- [Data listing]:
*** Block opens ***

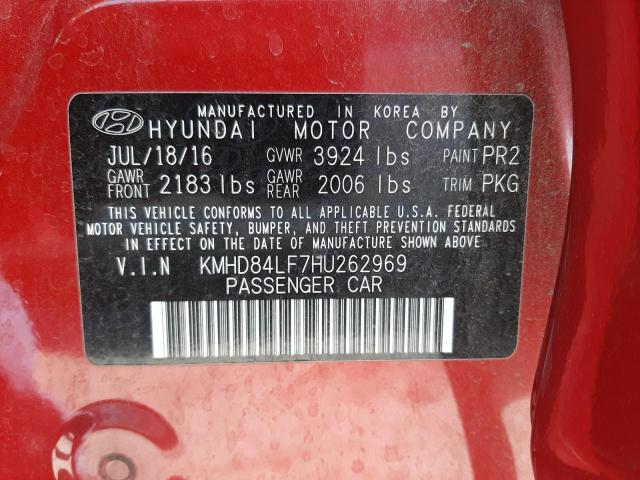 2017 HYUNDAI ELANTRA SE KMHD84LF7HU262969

*** Block closes ***
*** Block opens ***

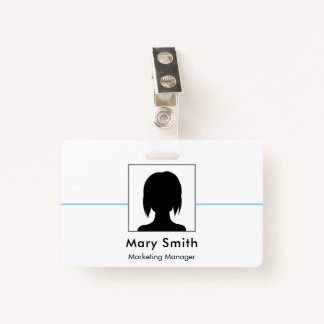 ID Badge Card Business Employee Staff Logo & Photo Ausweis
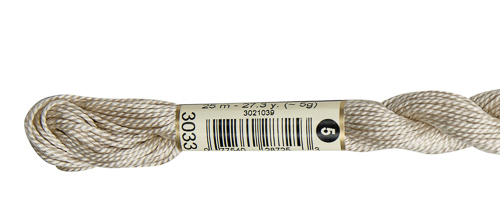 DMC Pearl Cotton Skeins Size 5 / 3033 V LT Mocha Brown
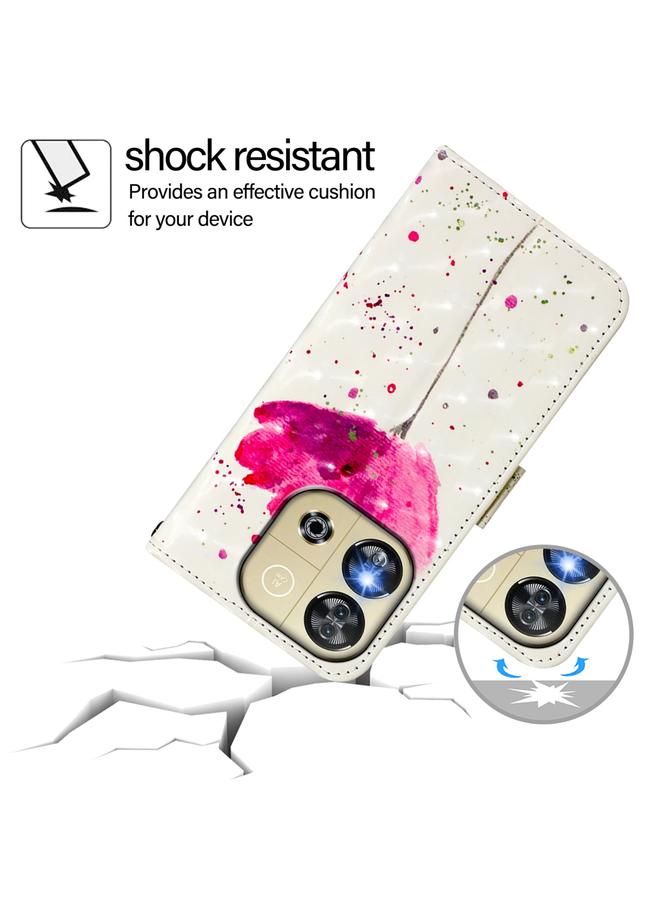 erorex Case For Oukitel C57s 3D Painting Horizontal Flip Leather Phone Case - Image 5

*** Block closes ***
*** Block opens ***

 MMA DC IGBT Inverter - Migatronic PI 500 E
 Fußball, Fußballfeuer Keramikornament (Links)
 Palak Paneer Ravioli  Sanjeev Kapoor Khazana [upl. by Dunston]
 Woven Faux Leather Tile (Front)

*** Block closes ***

- [The task]:
Go to the line above that contains "DMC Pearl Cotton" and reproduce everything exactly from there through the line that contains "erorex Case For", leaving out the pictures.

- [Written response]:
 DMC Pearl Cotton Skeins Size 5 / 3033 V LT Mocha Brown
 erorex Case For Oukitel C57s 3D Painting Horizontal Flip Leather Phone Case - Image 5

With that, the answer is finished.